MongoDB Realm for large public data sets

I’m looking at using MongoDB Realm Sync as the backend for an app that will allow users to upload and share reviews of music albums, follow other users, and search for albums and artists.

Looking at the docs, I get a bit stuck re: partition keys. Most of the data needs to be public (i.e. album, artist, review data), but if I partition these all into a ‘public’ realm, then the cached database will end up growing to a huge size in local storage. Is there a better way of handling this/am I understanding how partitioning works correctly? Also, is it true that the whole database will be downloaded/cached to the device – I assume this could be problematic with large data sets? Any docs you could point me to as well could be great!

The other way I was thinking of going about this was to partition data into realms for each user, and then use a separate API that I write using MongoDB Realm 3rd party services to get review or artist or album data, OR use MongoDB realm functions to basically do the same thing but avoid having to use HTTP requests.

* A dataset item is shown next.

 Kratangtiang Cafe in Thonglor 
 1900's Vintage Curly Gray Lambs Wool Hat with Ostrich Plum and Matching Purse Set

I’ve also been looking at the code for RealmSwift, and stumbled upon RealmApp.mongoClient, which I couldn’t find any documentation for. Is this a way to access this ‘public’ data (or any cluster data for that matter) without using Realm Sync? Or is this feature not fully fleshed out yet.

Sorry for the long post – I’m just trying to figure out whether MongoDB Realm will suit my use case or if I’ll have to go another route. Thanks so much! :slight_smile:

1 Like

Hi @Pierre_Rodgers,

I think your second part is the correct approach.

Not all data within the realm application have to be synced to the device. You can choose which databases or collections you are going to sync and partition those by a logical device partition key.

The other parts which does not need “offline-first” access can be accessed via the Realm sdk directly query or function.

Pushing aggregations or text search to the Atlas platform will result in better performance.

I think the mongoClient is a last resort option if your queries are not available through standard collection api.

Let me know if that covers your questions.

Best regards,
Pavel